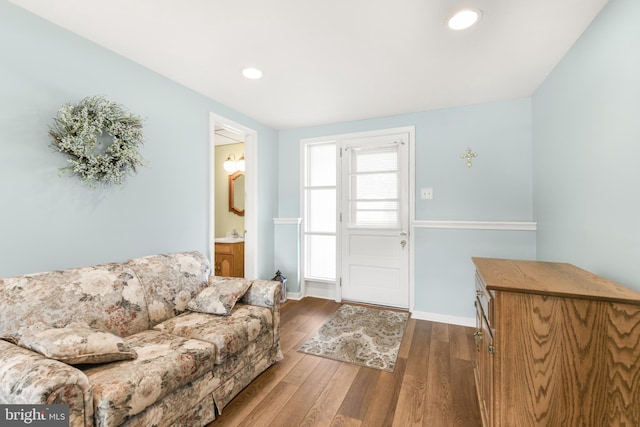 living room featuring dark wood-type flooring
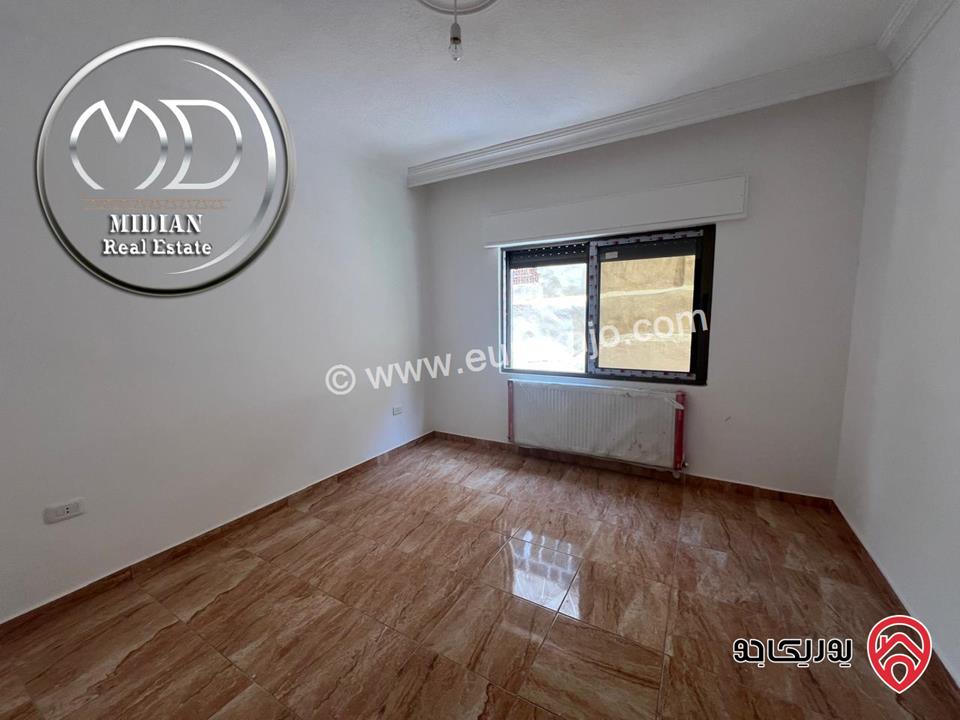 شقة ارضية جديدة فارغة للايجار في عمان - ضاحية الرشيد مساحة 150م مع ترس 50م تشطيبات سوبر ديلوكس بسعر مميز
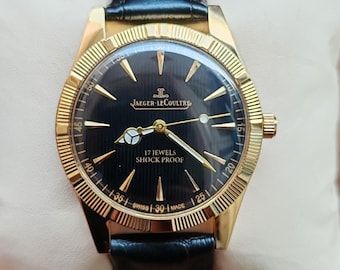 May include: A gold-toned Jaeger-LeCoultre wristwatch with a black dial and a black leather strap. The watch face features gold hands and markers, with the text "17 JEWELS SHOCK PROOF". The watch is displayed on a white surface.
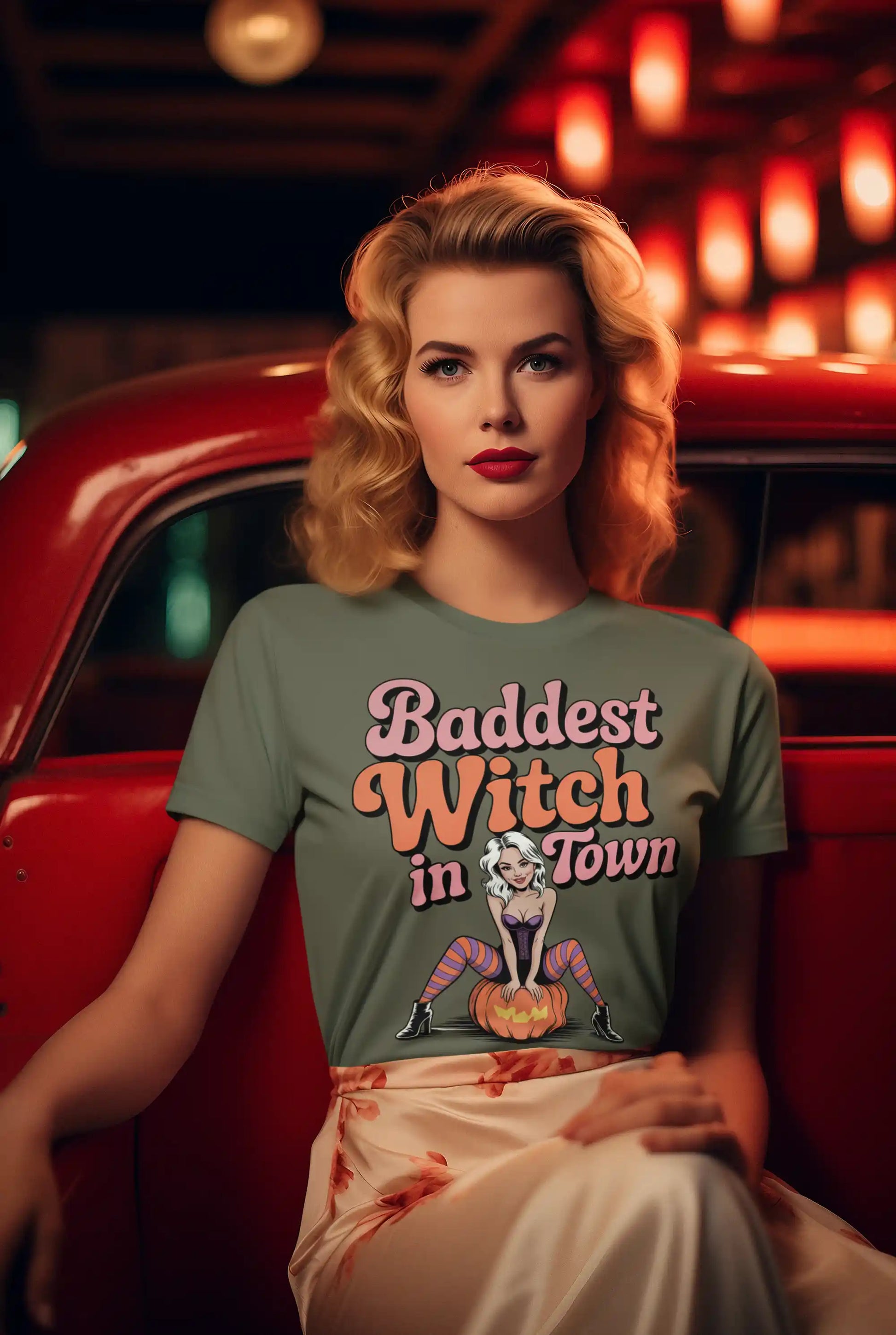 A woman in a green t-shirt with "Baddest Witch in Town" graphic sits in a red car.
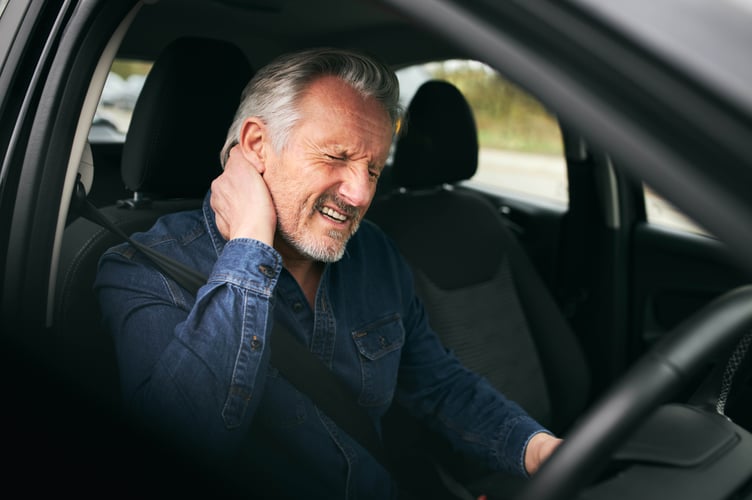 Senior man inside car after road traffic accident in pain suffering with whiplash injury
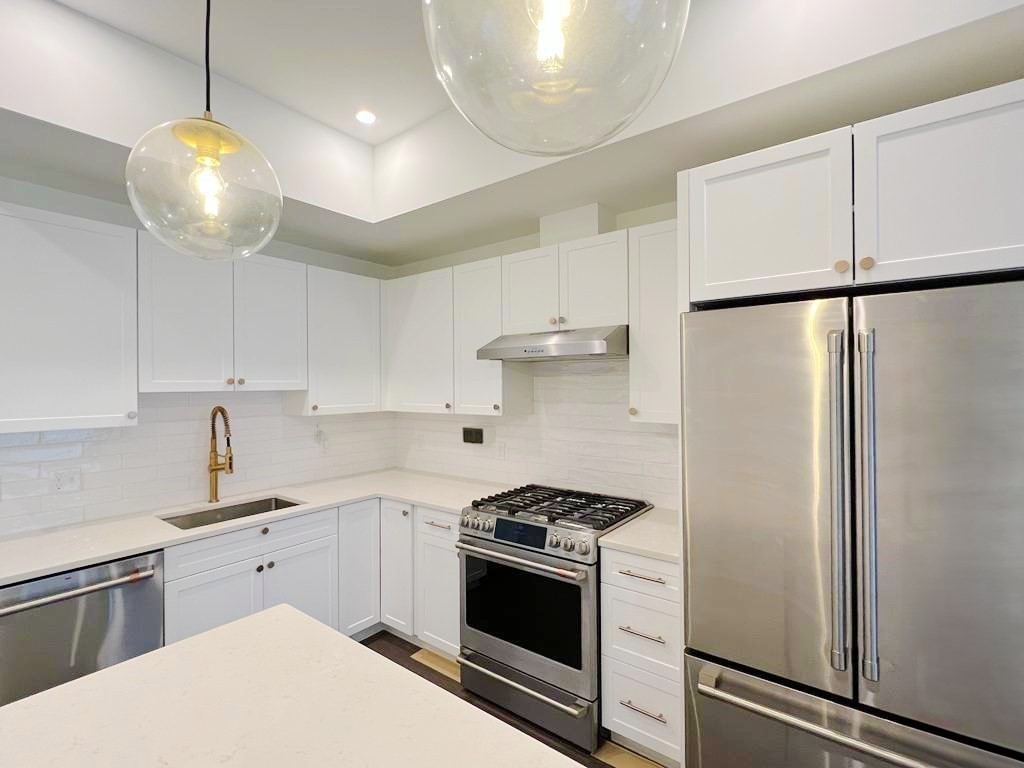 23 Charles Park Road, Unit 23 Boston, MA 02132 - Photo 6 of 35 a kitchen with stainless steel appliances a stove a sink and a refrigerator
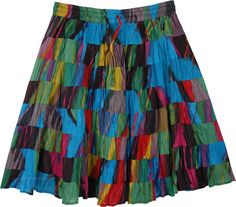 A lined short cotton skirt in blue and green print and made in 8 tiers of increasing circumference which gives it flare, volume and bounce. This skirt will be knee length or shorter or longer depending on how tall you are. It has an elastic waistband and drawstring and the skirt easily fits sizes small to large. Multicolor Cotton Knee-length Skirt, Multicolor Knee-length Cotton Skirt, Multicolor Mini Skirt For Summer, Multicolor Cotton Mini Skirt With Lining, Multicolor Flared Cotton Mini Skirt, Multicolor Cotton Flared Mini Skirt, Multicolor Cotton Ruffled Skirt, Green Cotton Tiered Mini Skirt, Green Tiered Cotton Mini Skirt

☆ ☆ ☆ ☆ ☆

Task goal: Your task is to repeat exactly the lines from the beginning of the data to the line that contains "شقة ارضية جديدة", both ends included, leaving out pictures.

Solution below:
 living room featuring dark wood-type flooring
 شقة ارضية جديدة فارغة للايجار في عمان - ضاحية الرشيد مساحة 150م مع ترس 50م تشطيبات سوبر ديلوكس بسعر مميز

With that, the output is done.